First results from the GOODS NICMOS survey, the largest Hubble Space
Telescope program ever led from outside of the United States, reveal
how the most massive galaxies in the early Universe assembled to form
the most massive objects in the Universe today. Dr. Chris Conselice
from the University of Nottingham will present the results at the
European Week of Astronomy and Space Science at the University of
Hertfordshire on Wednesday 22nd April.
The observations are part of the Great Observatories Origins Deep
Survey (GOODS), a campaign that is using NASA’s Spitzer, Hubble and
Chandra space telescopes together with ESA’s XMM Newton X-ray
observatory to study the most distant Universe. A team of scientists
from six countries used the NICMOS near infrared camera on the Hubble
Space Telescope to carry out the deepest ever survey of its type at
near infrared wavelengths. Early results show that the most massive
galaxies, which have masses roughly 10 times larger than the Milky
Way, were involved in significant levels of galaxy mergers and
interactions when the Universe was just 2-3 billion years old.

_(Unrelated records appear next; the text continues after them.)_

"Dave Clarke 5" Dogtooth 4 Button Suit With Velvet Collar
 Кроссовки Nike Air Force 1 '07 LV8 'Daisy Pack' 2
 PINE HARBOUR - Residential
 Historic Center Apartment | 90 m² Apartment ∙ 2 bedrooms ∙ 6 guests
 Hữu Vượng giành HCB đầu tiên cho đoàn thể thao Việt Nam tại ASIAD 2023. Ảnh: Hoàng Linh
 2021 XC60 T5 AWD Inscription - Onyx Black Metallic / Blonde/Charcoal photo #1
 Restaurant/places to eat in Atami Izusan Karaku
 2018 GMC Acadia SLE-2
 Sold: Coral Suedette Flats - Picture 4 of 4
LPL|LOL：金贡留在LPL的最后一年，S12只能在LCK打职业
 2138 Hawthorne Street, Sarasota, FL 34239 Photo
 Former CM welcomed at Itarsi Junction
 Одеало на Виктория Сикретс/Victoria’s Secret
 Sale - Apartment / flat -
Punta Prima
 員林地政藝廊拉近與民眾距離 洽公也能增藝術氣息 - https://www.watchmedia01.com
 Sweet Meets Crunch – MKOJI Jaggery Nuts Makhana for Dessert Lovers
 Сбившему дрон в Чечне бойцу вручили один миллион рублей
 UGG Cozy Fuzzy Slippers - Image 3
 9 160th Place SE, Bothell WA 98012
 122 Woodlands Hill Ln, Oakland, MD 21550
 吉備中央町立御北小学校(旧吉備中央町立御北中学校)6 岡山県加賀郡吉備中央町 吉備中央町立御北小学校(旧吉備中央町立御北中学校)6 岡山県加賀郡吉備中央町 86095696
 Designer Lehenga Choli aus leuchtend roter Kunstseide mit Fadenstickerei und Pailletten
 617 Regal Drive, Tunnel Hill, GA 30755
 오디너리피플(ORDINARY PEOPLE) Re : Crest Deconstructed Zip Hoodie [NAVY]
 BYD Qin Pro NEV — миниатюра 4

“As almost all of these massive galaxies are invisible in the optical
wavelengths, this is the first time that most of them have been
observed,” said Dr. Conselice, who is the Principal Investigator for
the survey. “To assess the level of interaction and mergers between
the massive galaxies, we searched for galaxies in pairs, close enough
to each other to merge within a given time-scale. While the galaxies
are very massive and at first sight may appear fully formed, the
results show that they have experienced an average of two significant
merging events during their life-times.”
The GOODS NICMOS results show that these galaxies did not form in a
simple collapse in the early universe, but that their formation is
more gradual over the course of the Universe’s evolution, taking about
5 billion years.
Dr. Conselice said, “The findings support a basic prediction of the
dominant model of the Universe, known as Cold Dark Matter, so they
reveal not only how the most massive galaxies are forming, but also
that the model that’s been developed to describe the Universe, based
on the distribution of galaxies that we’ve observed overall, applies
in its basic form to galaxy formation.”
The preliminary results are based on a paper led by PhD student Asa
Bluck at the University of Nottingham.